S9: Well, it’s a funny question, because when David presented the project to me in the beginning, which was a concert, not a Broadway show, he had been let’s see, how can I describe this over all the shows I had done with him? He had every single show stripped away, something on stage, and it became this progression till when we got to American Utopia. He said, you have no special limitations anymore. I’m going to put everybody on a harness in a harness. So there’s no platforming, there’s no mike stands. There’s no none of the slop of the ubiquitous shit in the rock band space that we’re supposed to ignore.

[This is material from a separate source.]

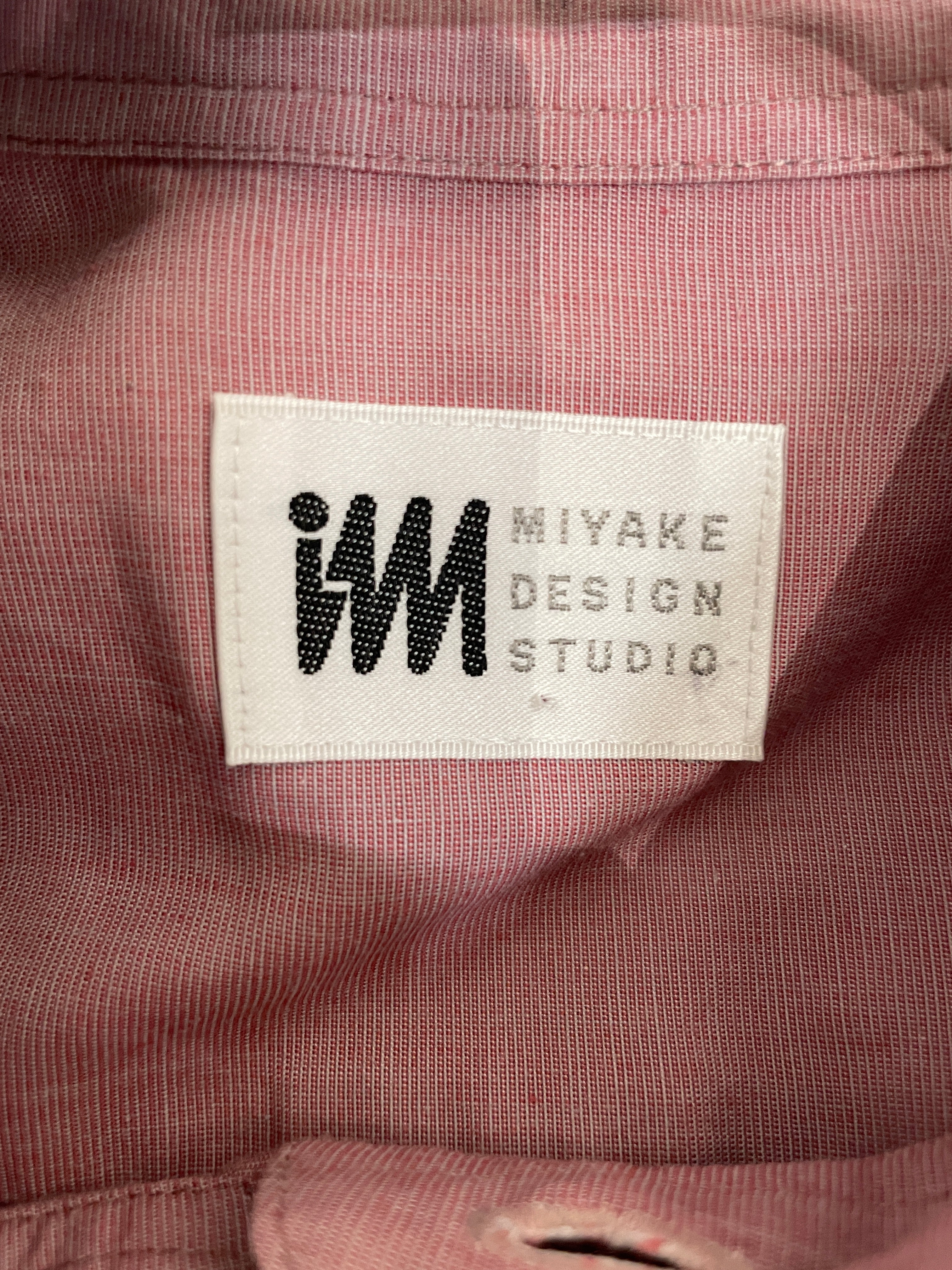 ISSEY MIYAKE/LS Shirt/M/Cotton/PNK/ view 3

S4: For some reason, the monitor speakers.

S9: Yeah, all those things are gone. But he basically took away my special limitations. So I was very used to having the platforming, the mikes and all that stuff. I’d made dances with mikes, dance and dances with platforming and all those limitations are so fun. He took them away and said, empty room, go for it. Everybody can dance, go for it. So my only limitations were training for the most part.

S4: Right, because most of the performers are not trained dancers.

S9: Exactly right. Only two of them are trained. And he’s the lead performer and he is not a trained dancer, although he I would I’ve been asked many times, is he a dancer? And I think if we could define being a dancer as someone who who’s expressive with their body. Absolutely. It’s clearly, clearly. Can he do an arabesque into a triple two or. No, but who wants him to.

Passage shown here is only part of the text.